REQUIRED ACTION: Repeat exactly the lines below from the line that contains "exterior of a" to the last line, inclusive, without the pictures.

[Web page caption snippets]
□ □ □

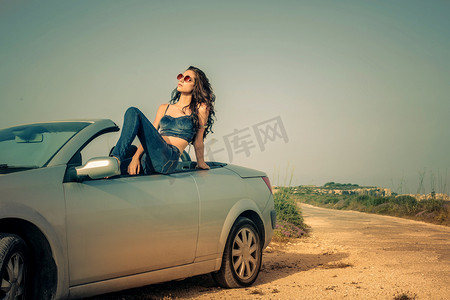 年轻的女人坐在一辆车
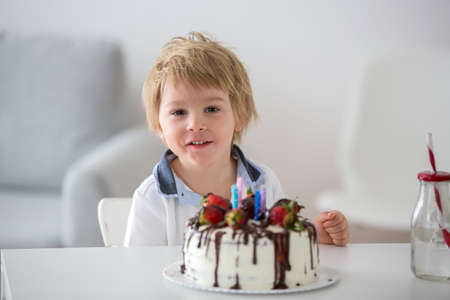 Four years old blond child, preschool boy, celebrating birthday at home with homemade cake with...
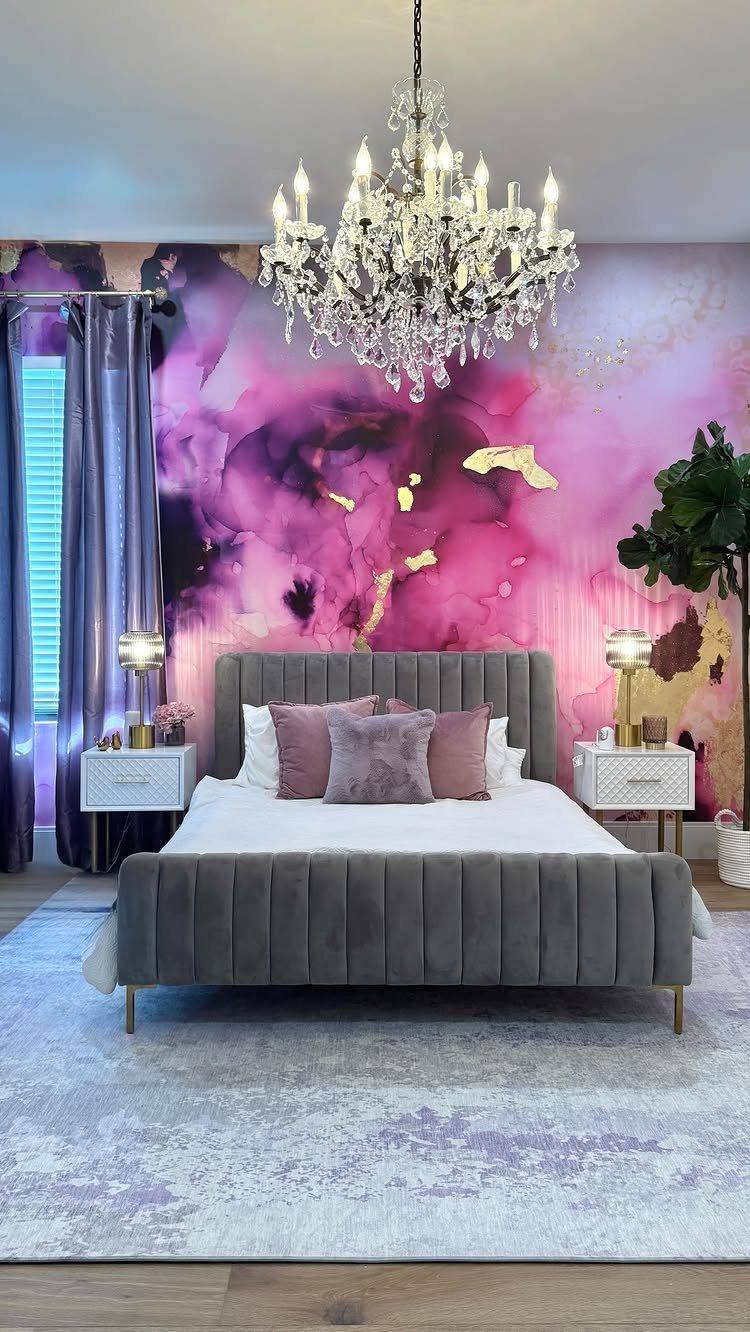 Grey velvet bed in a bedroom with pink and purple abstract wall mural.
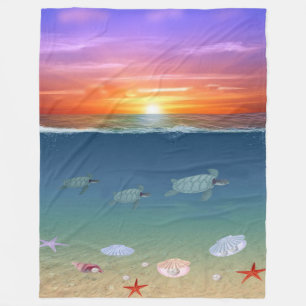 Ocean Sunrise and Swimming Sea Turtles Fleece Blanket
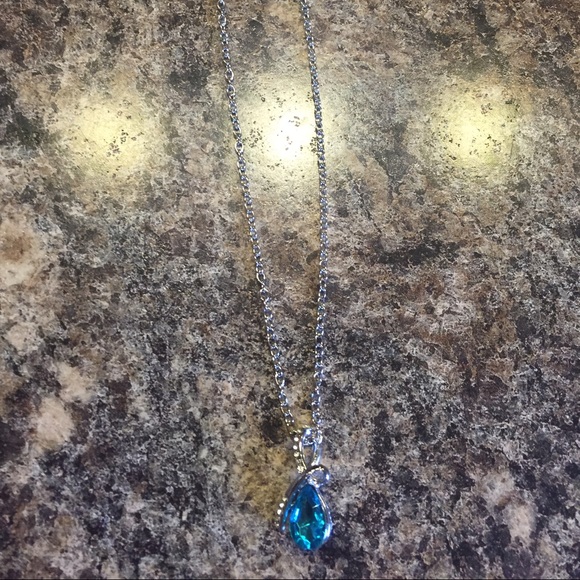 Necklace with silver chain and Aqua blue pendent.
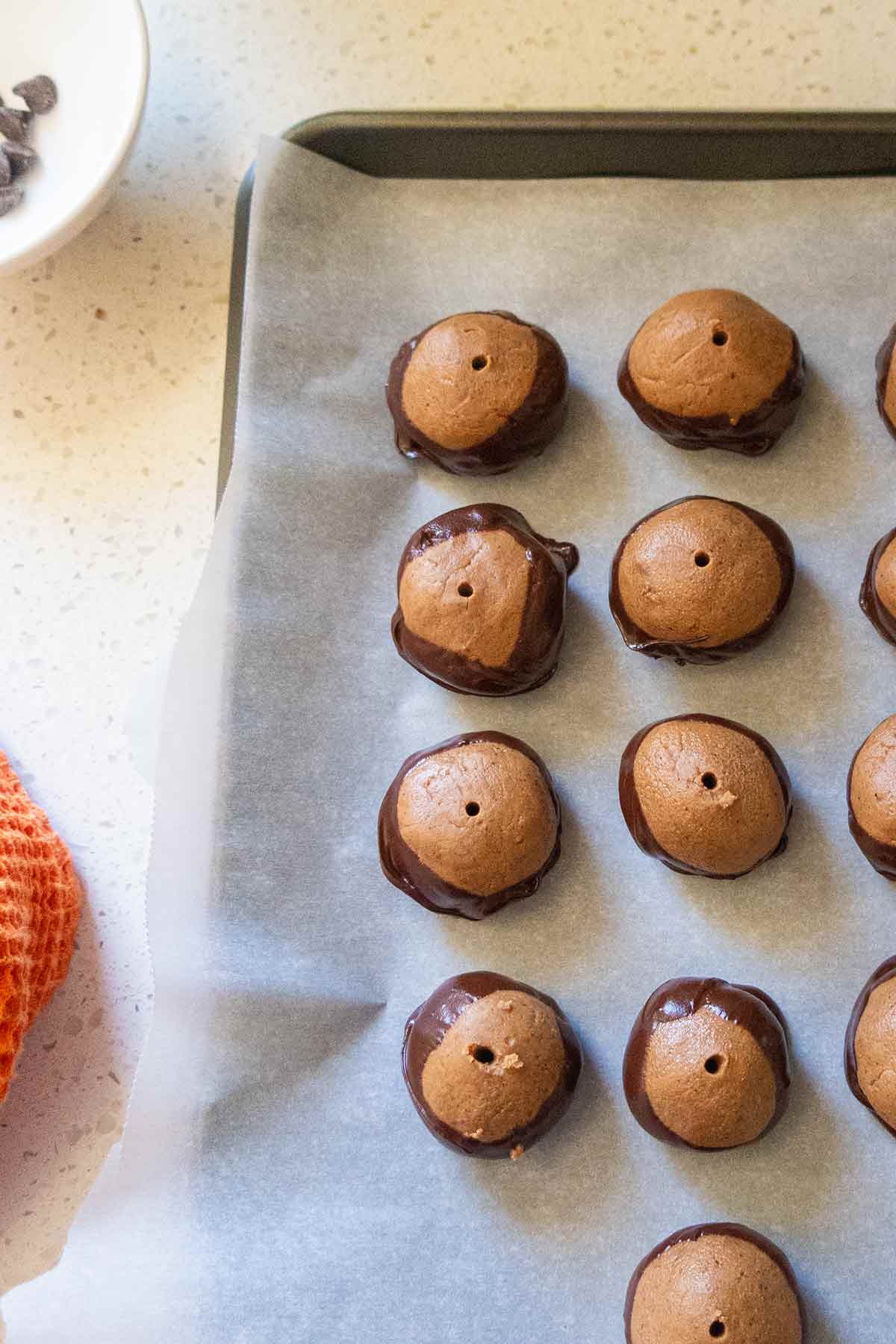 cookies dipped in chocolate on a baking sheet lined with parchment paper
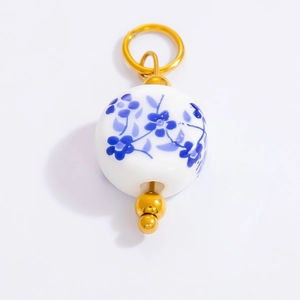 Blue and white porcelain floral ceramic pendant charm with golden metal accents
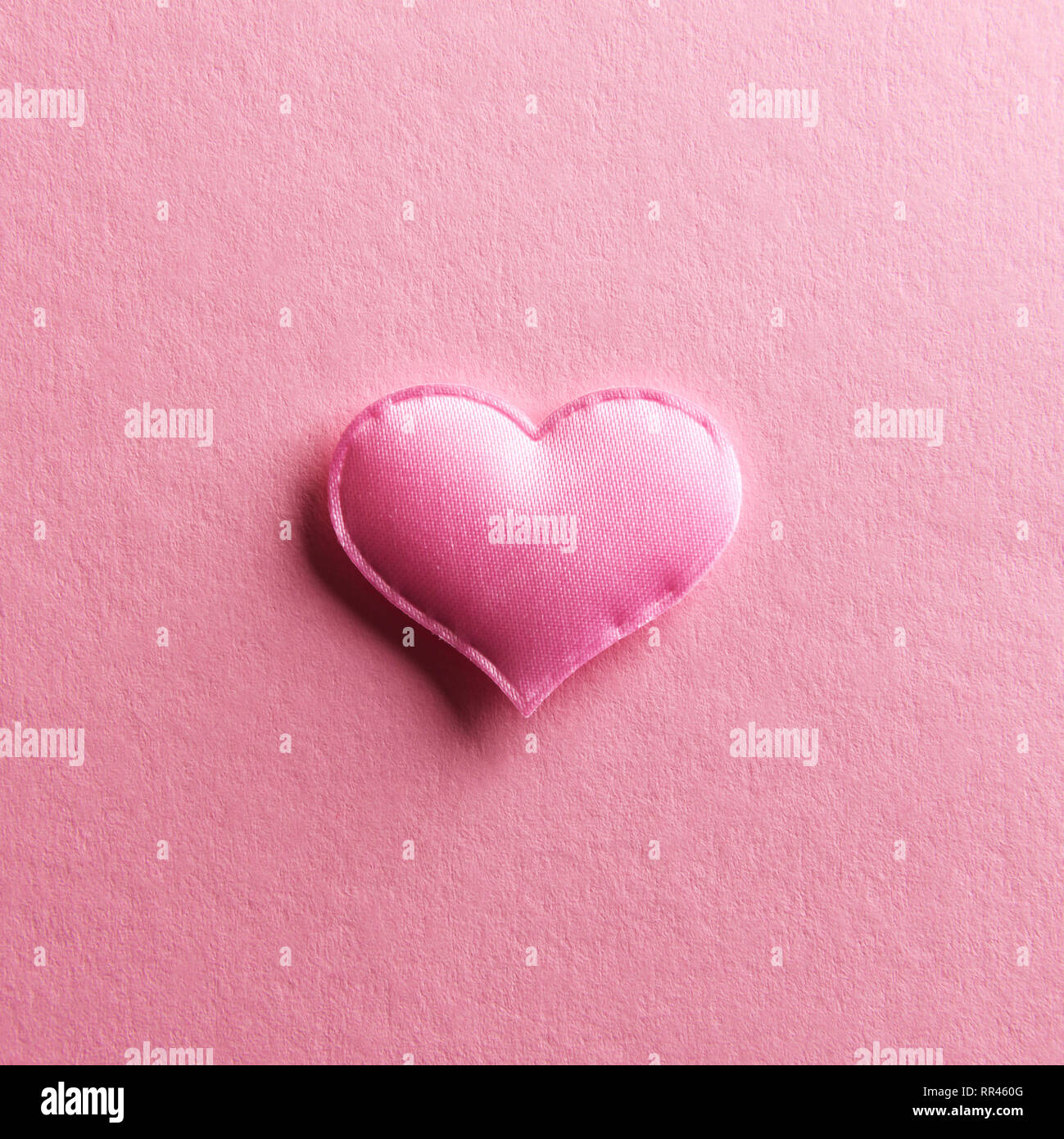 Pink textile heart on pink background. Valentines day texture and love concept Stock Photo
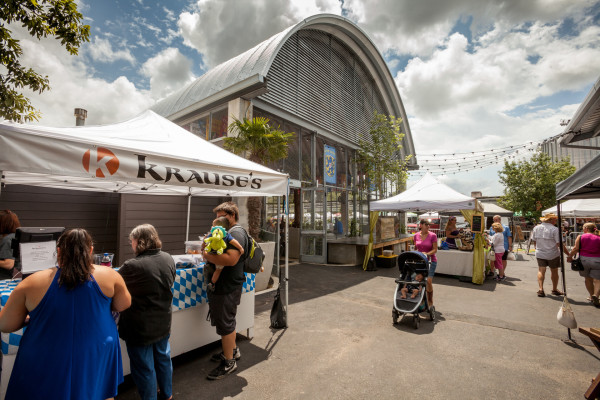exterior of a beer hall, tents and people in the road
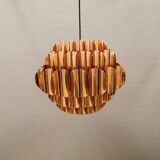 Copper colored hanging lamp. designed by thorsten orrling sweden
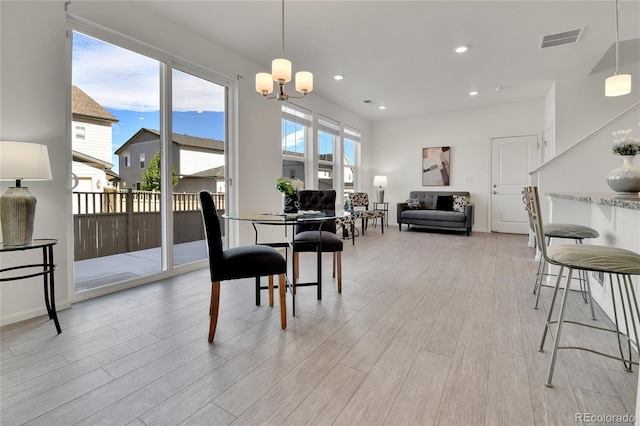 dining area featuring a notable chandelier and light hardwood / wood-style flooring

□ □ □

OUTPUT:
exterior of a beer hall, tents and people in the road
 Copper colored hanging lamp. designed by thorsten orrling sweden
 dining area featuring a notable chandelier and light hardwood / wood-style flooring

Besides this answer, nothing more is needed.